Por otro lado, una derrota que se muestre intransigente con cualquier tipo de negociación y que haya apuntado al corazón de los intereses que impulsan el desarrollismo, servirá como experiencia y, en cualquier caso, habrá reforzado la dignidad de quienes se mantuvieron firmes en sus convicciones. La tarea sería entonces recordar aquellas derrotas, difundir sus enseñanzas, aprender de sus límites y reivindicarlas como parte de una lucha en defensa de la libertad que va más allá de la resistencia a cualquier proyecto en particular. No obstante, hay que señalar que muchas derrotas no son más que derrotas, y que contando con la enorme desigualdad de fuerzas en liza deberíamos guardar siempre un principio de precaución.

La falsa distinción entre «afectados» y «militantes»

Se aludió en varias ocasiones a las diferencias de criterios que a menudo surgen entre los llamados «afectados» por las agresiones desarrollistas y aquellos «militantes» que las enmarcan dentro de un conjunto de ideas antagonistas con el orden impuesto.

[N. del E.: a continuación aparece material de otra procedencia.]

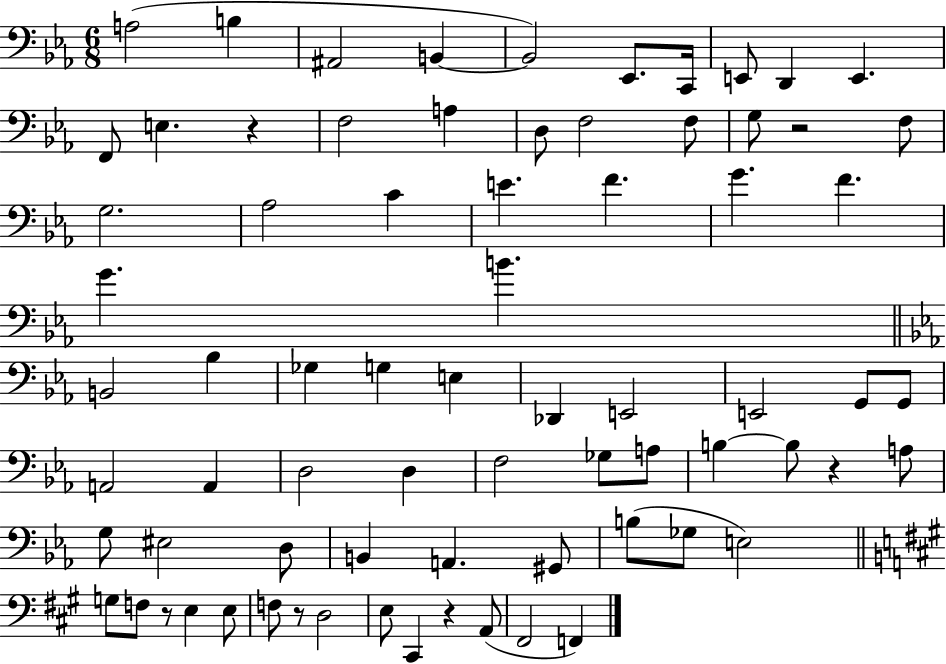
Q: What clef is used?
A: bass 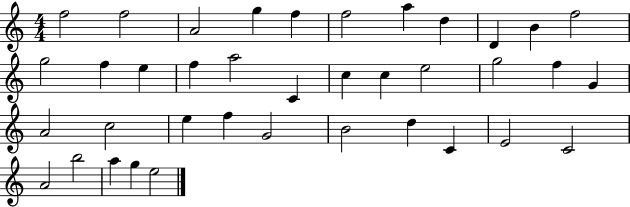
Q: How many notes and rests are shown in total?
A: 38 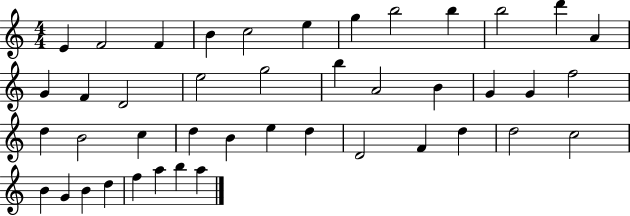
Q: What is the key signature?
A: C major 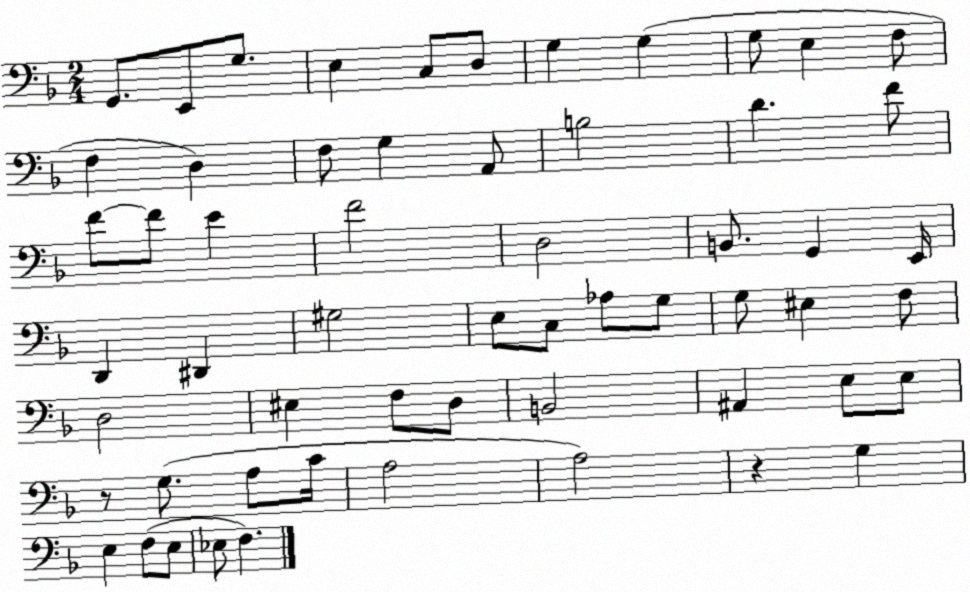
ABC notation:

X:1
T:Untitled
M:2/4
L:1/4
K:F
G,,/2 E,,/2 G,/2 E, C,/2 D,/2 G, G, G,/2 E, F,/2 F, D, F,/2 G, A,,/2 B,2 D F/2 F/2 F/2 E F2 D,2 B,,/2 G,, E,,/4 D,, ^D,, ^G,2 E,/2 C,/2 _A,/2 G,/2 G,/2 ^E, F,/2 D,2 ^E, F,/2 D,/2 B,,2 ^A,, E,/2 E,/2 z/2 G,/2 A,/2 C/4 A,2 A,2 z G, E, F,/2 E,/2 _E,/2 F, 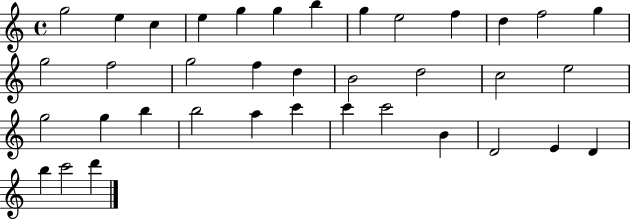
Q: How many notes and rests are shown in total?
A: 37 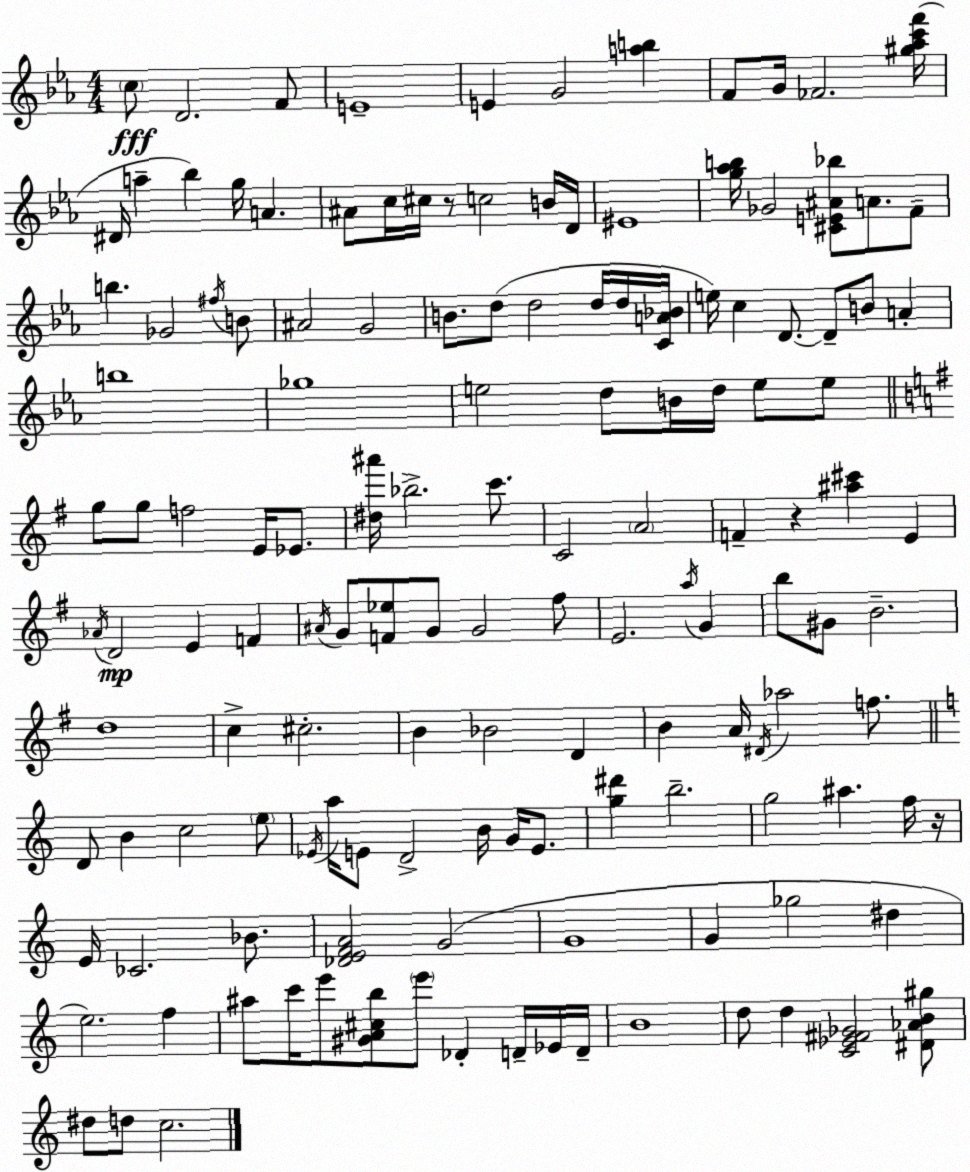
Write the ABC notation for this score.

X:1
T:Untitled
M:4/4
L:1/4
K:Cm
c/2 D2 F/2 E4 E G2 [ab] F/2 G/4 _F2 [^g_ac'f']/4 ^D/4 a _b g/4 A ^A/2 c/4 ^c/4 z/2 c2 B/4 D/4 ^E4 [g_ab]/4 _G2 [^CE^A_b]/2 A/2 F/2 b _G2 ^f/4 B/2 ^A2 G2 B/2 d/2 d2 d/4 d/4 [CA_B]/4 e/4 c D/2 D/2 B/2 A b4 _g4 e2 d/2 B/4 d/4 e/2 e/2 g/2 g/2 f2 E/4 _E/2 [^d^a']/4 _b2 c'/2 C2 A2 F z [^a^c'] E _A/4 D2 E F ^A/4 G/2 [F_e]/2 G/2 G2 ^f/2 E2 a/4 G b/2 ^G/2 B2 d4 c ^c2 B _B2 D B A/4 ^D/4 _a2 f/2 D/2 B c2 e/2 _E/4 a/4 E/2 D2 B/4 G/4 E/2 [g^d'] b2 g2 ^a f/4 z/4 E/4 _C2 _B/2 [_DEFA]2 G2 G4 G _g2 ^d e2 f ^a/2 c'/4 e'/2 [^GA^cb]/2 e'/2 _D D/4 _E/4 D/4 B4 d/2 d [C_E^F_G]2 [^D_AB^g]/2 ^d/2 d/2 c2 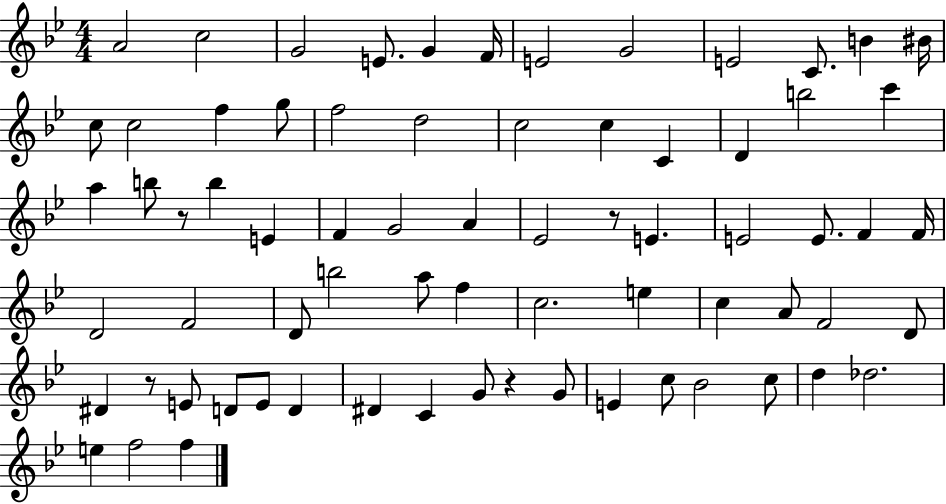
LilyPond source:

{
  \clef treble
  \numericTimeSignature
  \time 4/4
  \key bes \major
  \repeat volta 2 { a'2 c''2 | g'2 e'8. g'4 f'16 | e'2 g'2 | e'2 c'8. b'4 bis'16 | \break c''8 c''2 f''4 g''8 | f''2 d''2 | c''2 c''4 c'4 | d'4 b''2 c'''4 | \break a''4 b''8 r8 b''4 e'4 | f'4 g'2 a'4 | ees'2 r8 e'4. | e'2 e'8. f'4 f'16 | \break d'2 f'2 | d'8 b''2 a''8 f''4 | c''2. e''4 | c''4 a'8 f'2 d'8 | \break dis'4 r8 e'8 d'8 e'8 d'4 | dis'4 c'4 g'8 r4 g'8 | e'4 c''8 bes'2 c''8 | d''4 des''2. | \break e''4 f''2 f''4 | } \bar "|."
} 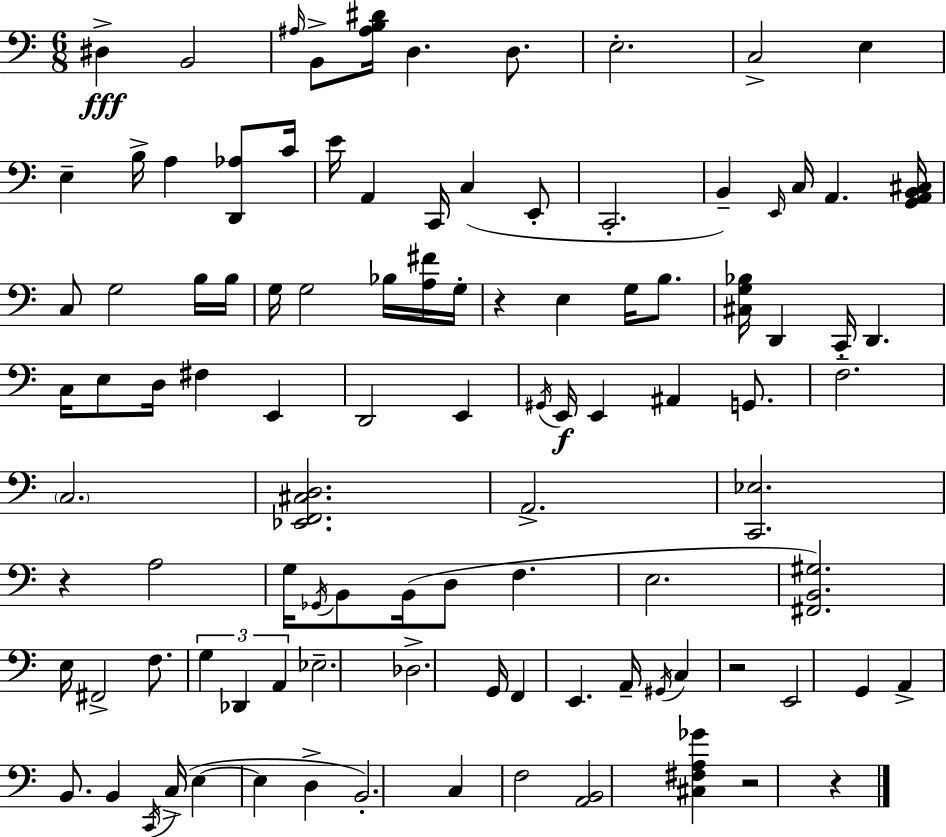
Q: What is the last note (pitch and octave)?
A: F3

Tengo muchas dudas sobre la pertinencia de esa distinción. En realidad, pensándolo bien, creo que es más perjudicial que beneficiosa. Dentro del modelo global de industrialización todos somos «afectados» por el desarrollo de un mundo artificial, burocratizado y violento (es decir, del funcionamiento normal del capitalismo industrial), en continuo desequilibrio y cuyo progreso tecnológico nos lleva de cabeza al encierro aséptico y al desastre colectivo. No hay que dudar entonces de la legitimidad para oponerse al mundo industrial, aunque los cables no pasen por encima de nuestra casa o el trazado de la alta velocidad no afecte a nuestro pueblo.
Por otro lado, las grandes infraestructuras, en el mundo hiperurbanizado en que vivimos, a menudo transcurren por partes del territorio donde precisamente lo que falta son habitantes y comunidades, por lo que la figura del «afectado» no tiene más legitimidad que otras para ejercer una oposición activa. Quizá incluso la tenga menos, ya que, a parte de los propios intereses vulnerados, es necesaria una determinada idea de sociedad y un posicionamiento claro ante aquellos que defienden un orden opresivo tanto por lo que destruye como por lo que ofrece. El «militante» si no se considera «afectado» corre el riesgo de convertirse en ideólogo, y en lugar de afrontar un combate comenzar un largo camino en busca de prosélitos para una causa que muy pocos comparten.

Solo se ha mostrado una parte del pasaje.